Early defenses tried to hide or obscure the model's gradients, reasoning that attackers could not compute perturbations without gradient access. This is known as gradient masking or obfuscated gradients, and it consistently fails. Attackers can bypass gradient masking via transfer attacks, using finite differences to approximate gradients, or using expectation over transformations. A defense that works only because the attacker cannot see gradients is not a real defense.

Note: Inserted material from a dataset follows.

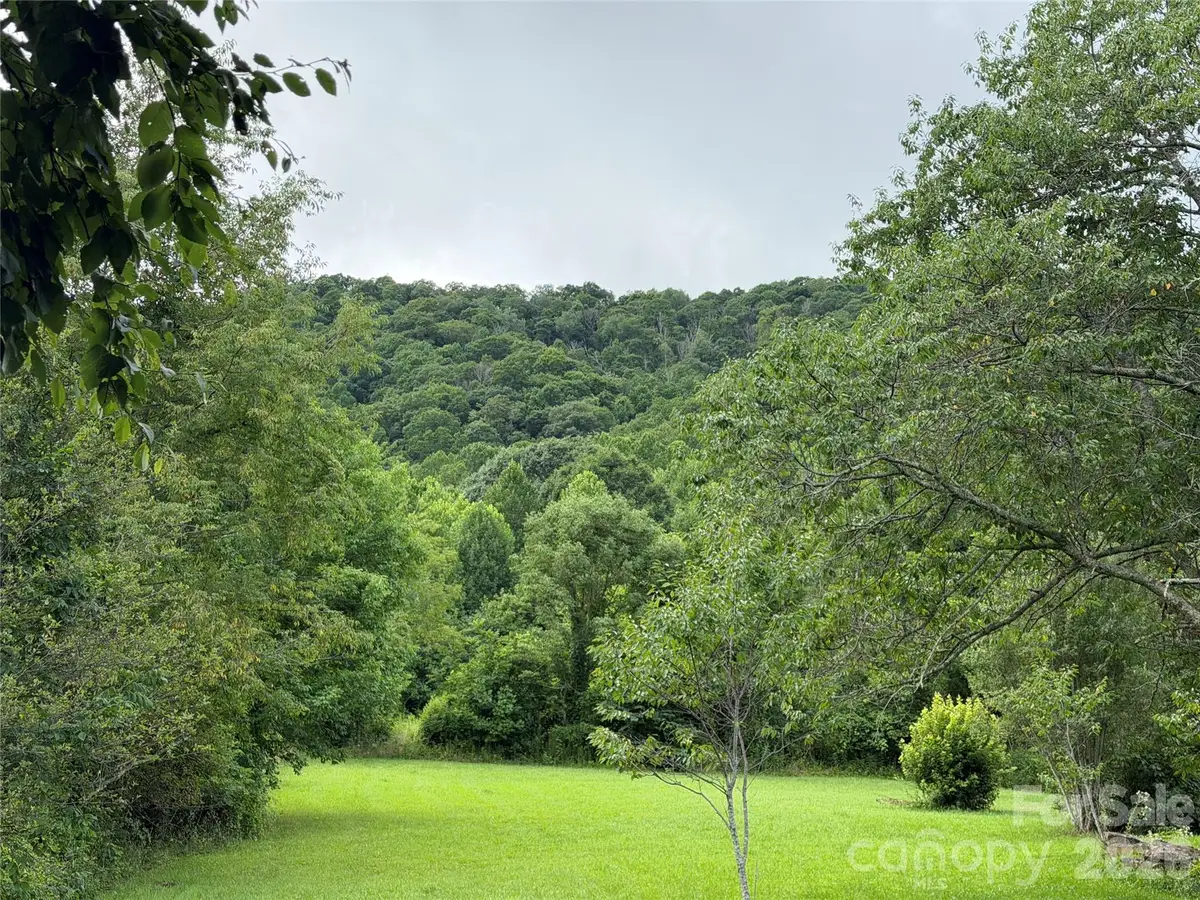 00 Trillium Way, Clyde, NC 28721 - #1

A researcher adds a tiny, human-imperceptible pattern of noise to a stop-sign image. A self-driving car's vision system, which correctly identified the sign without the noise, now classifies it as a 'speed limit 45' sign. This is an example of:
An attacker cannot access the weights of a deployed image classifier. They train their own model on thousands of input-output pairs queried from the target and craft adversarial examples against their substitute. Why might these examples still fool the target?
Design a Physical Adversarial Attack Scenario
- You are a security researcher hired to assess a computer vision system deployed in a specific high-stakes physical setting (choose one: a passport control camera, an autonomous vehicle's road sign recognizer, a factory defect detector, or a medical X-ray classifier).
- Step 1: Describe your chosen system and what it is trying to classify.
- Step 2: Design an adversarial attack scenario: Who is the attacker? What is their goal? What physical perturbation could they introduce (stickers, printed overlays, physical modifications to objects)?
- Step 3: Analyze what defense would be most practical in your setting and why.
- Step 4: Identify one way the attacker could potentially defeat that defense.
- Step 5: Write a one-paragraph risk assessment: 'The adversarial attack risk for this system is [low/medium/high] because...'
- Be specific and technically grounded. Vague answers like 'add more security' are not acceptable.